▶ _EXTRACTED INFORMATION_
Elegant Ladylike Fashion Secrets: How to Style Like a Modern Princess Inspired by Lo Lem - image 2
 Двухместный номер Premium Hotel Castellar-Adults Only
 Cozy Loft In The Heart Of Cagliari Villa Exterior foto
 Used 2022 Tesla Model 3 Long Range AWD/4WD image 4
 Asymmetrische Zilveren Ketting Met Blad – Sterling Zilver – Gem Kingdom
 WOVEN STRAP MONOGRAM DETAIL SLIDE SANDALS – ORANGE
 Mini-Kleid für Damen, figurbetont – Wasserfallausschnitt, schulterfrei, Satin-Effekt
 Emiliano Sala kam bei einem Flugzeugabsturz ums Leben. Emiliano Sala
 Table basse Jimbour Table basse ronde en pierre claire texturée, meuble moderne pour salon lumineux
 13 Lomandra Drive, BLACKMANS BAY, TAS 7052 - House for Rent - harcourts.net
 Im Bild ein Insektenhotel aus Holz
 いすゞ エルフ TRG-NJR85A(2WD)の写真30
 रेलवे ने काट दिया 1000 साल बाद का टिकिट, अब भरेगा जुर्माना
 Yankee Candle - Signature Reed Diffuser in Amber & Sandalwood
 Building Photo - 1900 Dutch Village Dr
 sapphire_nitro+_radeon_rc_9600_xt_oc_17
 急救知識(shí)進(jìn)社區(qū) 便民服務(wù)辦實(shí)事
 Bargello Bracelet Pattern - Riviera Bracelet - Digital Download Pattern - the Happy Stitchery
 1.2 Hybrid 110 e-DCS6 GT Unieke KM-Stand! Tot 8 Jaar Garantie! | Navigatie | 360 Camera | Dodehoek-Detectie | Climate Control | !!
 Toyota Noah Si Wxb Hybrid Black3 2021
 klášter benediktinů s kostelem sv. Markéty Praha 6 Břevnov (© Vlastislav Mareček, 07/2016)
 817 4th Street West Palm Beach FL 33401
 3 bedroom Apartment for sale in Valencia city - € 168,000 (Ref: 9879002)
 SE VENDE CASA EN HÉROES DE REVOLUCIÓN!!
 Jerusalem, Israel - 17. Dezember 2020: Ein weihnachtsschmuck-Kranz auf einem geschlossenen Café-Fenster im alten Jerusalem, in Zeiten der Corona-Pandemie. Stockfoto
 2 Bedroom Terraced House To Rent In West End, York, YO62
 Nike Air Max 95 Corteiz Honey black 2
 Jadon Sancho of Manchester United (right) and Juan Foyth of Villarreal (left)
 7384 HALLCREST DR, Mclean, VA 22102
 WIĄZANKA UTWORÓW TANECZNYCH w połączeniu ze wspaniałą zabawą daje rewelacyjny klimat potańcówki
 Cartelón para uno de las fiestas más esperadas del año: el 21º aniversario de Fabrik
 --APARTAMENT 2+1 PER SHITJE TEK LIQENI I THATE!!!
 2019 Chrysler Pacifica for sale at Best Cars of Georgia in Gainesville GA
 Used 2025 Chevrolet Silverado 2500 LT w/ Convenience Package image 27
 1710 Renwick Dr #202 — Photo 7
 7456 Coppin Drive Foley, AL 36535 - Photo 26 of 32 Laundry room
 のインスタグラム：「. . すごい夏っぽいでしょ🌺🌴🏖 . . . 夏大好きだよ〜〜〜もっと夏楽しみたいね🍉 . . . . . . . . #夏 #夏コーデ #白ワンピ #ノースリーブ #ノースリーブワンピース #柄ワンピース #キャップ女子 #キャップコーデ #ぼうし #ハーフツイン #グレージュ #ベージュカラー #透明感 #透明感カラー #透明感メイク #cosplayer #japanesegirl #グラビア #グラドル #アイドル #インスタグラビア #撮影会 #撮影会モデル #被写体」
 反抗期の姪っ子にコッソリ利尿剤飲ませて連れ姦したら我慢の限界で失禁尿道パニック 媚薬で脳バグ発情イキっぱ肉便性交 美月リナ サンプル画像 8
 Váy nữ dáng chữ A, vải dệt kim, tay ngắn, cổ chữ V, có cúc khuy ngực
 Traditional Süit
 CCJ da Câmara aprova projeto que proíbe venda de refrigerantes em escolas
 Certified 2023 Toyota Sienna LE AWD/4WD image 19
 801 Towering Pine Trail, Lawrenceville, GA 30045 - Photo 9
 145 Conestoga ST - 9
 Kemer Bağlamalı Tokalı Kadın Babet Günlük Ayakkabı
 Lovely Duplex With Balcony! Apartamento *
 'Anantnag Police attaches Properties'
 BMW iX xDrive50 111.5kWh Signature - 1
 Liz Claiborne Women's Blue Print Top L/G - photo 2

▶ _YOUR TASK_
Repeat the entire listing exactly.

▶ _YOUR RESPONSE_
Elegant Ladylike Fashion Secrets: How to Style Like a Modern Princess Inspired by Lo Lem - image 2
 Двухместный номер Premium Hotel Castellar-Adults Only
 Cozy Loft In The Heart Of Cagliari Villa Exterior foto
 Used 2022 Tesla Model 3 Long Range AWD/4WD image 4
 Asymmetrische Zilveren Ketting Met Blad – Sterling Zilver – Gem Kingdom
 WOVEN STRAP MONOGRAM DETAIL SLIDE SANDALS – ORANGE
 Mini-Kleid für Damen, figurbetont – Wasserfallausschnitt, schulterfrei, Satin-Effekt
 Emiliano Sala kam bei einem Flugzeugabsturz ums Leben. Emiliano Sala
 Table basse Jimbour Table basse ronde en pierre claire texturée, meuble moderne pour salon lumineux
 13 Lomandra Drive, BLACKMANS BAY, TAS 7052 - House for Rent - harcourts.net
 Im Bild ein Insektenhotel aus Holz
 いすゞ エルフ TRG-NJR85A(2WD)の写真30
 रेलवे ने काट दिया 1000 साल बाद का टिकिट, अब भरेगा जुर्माना
 Yankee Candle - Signature Reed Diffuser in Amber & Sandalwood
 Building Photo - 1900 Dutch Village Dr
 sapphire_nitro+_radeon_rc_9600_xt_oc_17
 急救知識(shí)進(jìn)社區(qū) 便民服務(wù)辦實(shí)事
 Bargello Bracelet Pattern - Riviera Bracelet - Digital Download Pattern - the Happy Stitchery
 1.2 Hybrid 110 e-DCS6 GT Unieke KM-Stand! Tot 8 Jaar Garantie! | Navigatie | 360 Camera | Dodehoek-Detectie | Climate Control | !!
 Toyota Noah Si Wxb Hybrid Black3 2021
 klášter benediktinů s kostelem sv. Markéty Praha 6 Břevnov (© Vlastislav Mareček, 07/2016)
 817 4th Street West Palm Beach FL 33401
 3 bedroom Apartment for sale in Valencia city - € 168,000 (Ref: 9879002)
 SE VENDE CASA EN HÉROES DE REVOLUCIÓN!!
 Jerusalem, Israel - 17. Dezember 2020: Ein weihnachtsschmuck-Kranz auf einem geschlossenen Café-Fenster im alten Jerusalem, in Zeiten der Corona-Pandemie. Stockfoto
 2 Bedroom Terraced House To Rent In West End, York, YO62
 Nike Air Max 95 Corteiz Honey black 2
 Jadon Sancho of Manchester United (right) and Juan Foyth of Villarreal (left)
 7384 HALLCREST DR, Mclean, VA 22102
 WIĄZANKA UTWORÓW TANECZNYCH w połączeniu ze wspaniałą zabawą daje rewelacyjny klimat potańcówki
 Cartelón para uno de las fiestas más esperadas del año: el 21º aniversario de Fabrik
 --APARTAMENT 2+1 PER SHITJE TEK LIQENI I THATE!!!
 2019 Chrysler Pacifica for sale at Best Cars of Georgia in Gainesville GA
 Used 2025 Chevrolet Silverado 2500 LT w/ Convenience Package image 27
 1710 Renwick Dr #202 — Photo 7
 7456 Coppin Drive Foley, AL 36535 - Photo 26 of 32 Laundry room
 のインスタグラム：「. . すごい夏っぽいでしょ🌺🌴🏖 . . . 夏大好きだよ〜〜〜もっと夏楽しみたいね🍉 . . . . . . . . #夏 #夏コーデ #白ワンピ #ノースリーブ #ノースリーブワンピース #柄ワンピース #キャップ女子 #キャップコーデ #ぼうし #ハーフツイン #グレージュ #ベージュカラー #透明感 #透明感カラー #透明感メイク #cosplayer #japanesegirl #グラビア #グラドル #アイドル #インスタグラビア #撮影会 #撮影会モデル #被写体」
 反抗期の姪っ子にコッソリ利尿剤飲ませて連れ姦したら我慢の限界で失禁尿道パニック 媚薬で脳バグ発情イキっぱ肉便性交 美月リナ サンプル画像 8
 Váy nữ dáng chữ A, vải dệt kim, tay ngắn, cổ chữ V, có cúc khuy ngực
 Traditional Süit
 CCJ da Câmara aprova projeto que proíbe venda de refrigerantes em escolas
 Certified 2023 Toyota Sienna LE AWD/4WD image 19
 801 Towering Pine Trail, Lawrenceville, GA 30045 - Photo 9
 145 Conestoga ST - 9
 Kemer Bağlamalı Tokalı Kadın Babet Günlük Ayakkabı
 Lovely Duplex With Balcony! Apartamento *
 'Anantnag Police attaches Properties'
 BMW iX xDrive50 111.5kWh Signature - 1
 Liz Claiborne Women's Blue Print Top L/G - photo 2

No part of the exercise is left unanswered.